Avec l’effondrement de la lointaine métropole en 1940, puis l’invasion des troupes japonaises, le destin de la colonie bascule. Le 9 mars 1945, les forces nipponnes décapitent l’administration. Les Vietnamiens, conduits par le front vietminh et le vieux révolutionnaire Ho Chi Minh, saisissent enfin l’occasion favorable pour se soulever.

Le 2 septembre 1945, la République du Vietnam est proclamée à Hanoï. Profondément marquée par sa défaite, la France, avant toute négociation, entend d’abord rétablir sa souveraineté, gage de sa grandeur passée. Le 19 décembre 1946, une longue guerre se déclenche. D’un conflit colonial, elle devient bientôt un des enjeux de la guerre froide jusqu’à la chute du camp retranché de Dien Bien Phu, en mai 1954, qui sonne le glas de près d’un siècle de présence française et voit le Vietnam coupé en deux.

Sans plus attendre, hantés par la propagation du communisme, les Américains prennent le relais.
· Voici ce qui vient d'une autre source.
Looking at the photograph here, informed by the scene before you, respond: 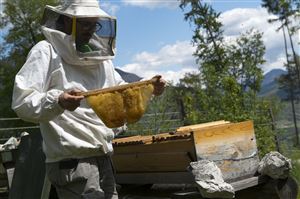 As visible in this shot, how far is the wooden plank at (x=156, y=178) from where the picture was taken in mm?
3562

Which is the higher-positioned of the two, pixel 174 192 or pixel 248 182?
pixel 248 182

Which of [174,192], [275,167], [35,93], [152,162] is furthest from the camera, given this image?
[174,192]

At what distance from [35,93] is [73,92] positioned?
18cm

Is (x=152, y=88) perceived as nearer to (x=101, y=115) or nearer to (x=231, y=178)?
(x=101, y=115)

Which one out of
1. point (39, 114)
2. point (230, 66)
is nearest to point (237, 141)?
point (39, 114)

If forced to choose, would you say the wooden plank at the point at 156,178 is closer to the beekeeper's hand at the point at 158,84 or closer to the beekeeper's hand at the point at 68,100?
the beekeeper's hand at the point at 158,84

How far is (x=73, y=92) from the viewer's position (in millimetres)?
1958

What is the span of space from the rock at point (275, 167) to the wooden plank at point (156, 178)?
65 centimetres

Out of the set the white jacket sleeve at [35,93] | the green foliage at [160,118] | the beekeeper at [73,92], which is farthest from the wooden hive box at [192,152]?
the green foliage at [160,118]

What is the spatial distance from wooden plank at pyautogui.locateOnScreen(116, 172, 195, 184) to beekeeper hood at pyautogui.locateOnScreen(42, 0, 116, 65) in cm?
137

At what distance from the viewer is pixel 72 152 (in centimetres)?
214

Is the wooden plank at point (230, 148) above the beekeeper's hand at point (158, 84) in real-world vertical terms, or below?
below

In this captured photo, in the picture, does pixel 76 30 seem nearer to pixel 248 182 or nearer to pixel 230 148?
pixel 230 148

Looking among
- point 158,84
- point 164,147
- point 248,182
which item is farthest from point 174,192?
point 158,84
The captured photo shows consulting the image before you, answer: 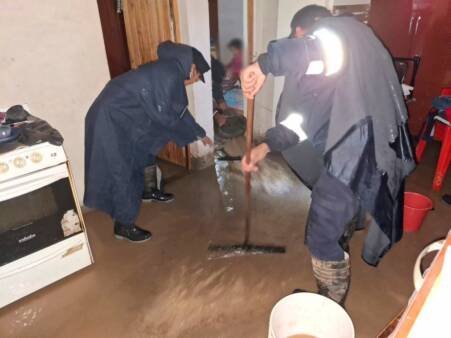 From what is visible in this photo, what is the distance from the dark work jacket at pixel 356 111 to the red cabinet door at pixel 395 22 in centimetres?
265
À coup de guerres électroniques, de tonnes de bombes au napalm, de milliers de litres de défoliant et surtout de centaines de millions de dollars, l’US Army tente, sans succès, de faire ployer le nord Vietnam.
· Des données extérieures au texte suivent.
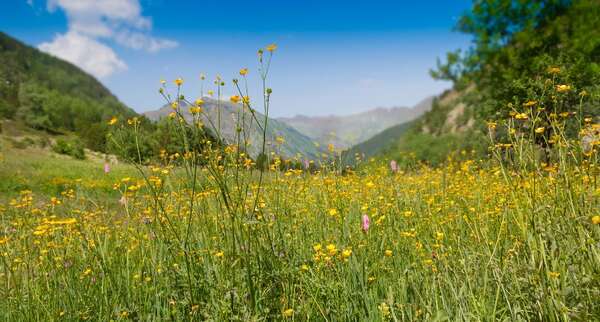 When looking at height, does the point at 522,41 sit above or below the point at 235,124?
above

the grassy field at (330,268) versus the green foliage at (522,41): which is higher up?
the green foliage at (522,41)

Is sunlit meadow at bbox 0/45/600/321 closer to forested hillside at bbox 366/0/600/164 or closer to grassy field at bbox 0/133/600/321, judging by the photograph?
grassy field at bbox 0/133/600/321

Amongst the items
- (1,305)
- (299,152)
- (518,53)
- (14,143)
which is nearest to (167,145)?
(1,305)

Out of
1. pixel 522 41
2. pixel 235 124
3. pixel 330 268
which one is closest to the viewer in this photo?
pixel 235 124

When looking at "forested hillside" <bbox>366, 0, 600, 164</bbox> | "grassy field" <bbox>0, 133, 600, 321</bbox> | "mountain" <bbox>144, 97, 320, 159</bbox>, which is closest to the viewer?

Elle se retire en 1970 et en avril 1975, les troupes du Nord investissent Saïgon, la capitale du Sud, mettant ainsi fin à ce long Nam Tien, la Marche vers le Sud, débutée dans les montagnes du Nord des siècles plus tôt…

 

 

Fruit de dix ans de recherche, L’Empire du milieu du sud retrace la fascinante et douloureuse histoire du Vietnam, de l’aventure coloniale française à la chute de Saigon et à la fuite des américains.

Ce n’est pas seulement un film sur ce pays, mais également un film sur les raisons qui conduisent les peuples à proclamer « plus jamais ça, plus jamais la guerre ».

Construit à partir d’archives exceptionnelles recueillies aux quatre coins du monde, et souvent inédites, le film est illustré par des textes puisés dans le répertoire littéraire vietnamien (Nguyen Trai, Nguyen Du, Bao Ninh…) et français (André Malraux, Albert de Pouvourville, Marguerite Duras…), ainsi que des lettres de soldats américains.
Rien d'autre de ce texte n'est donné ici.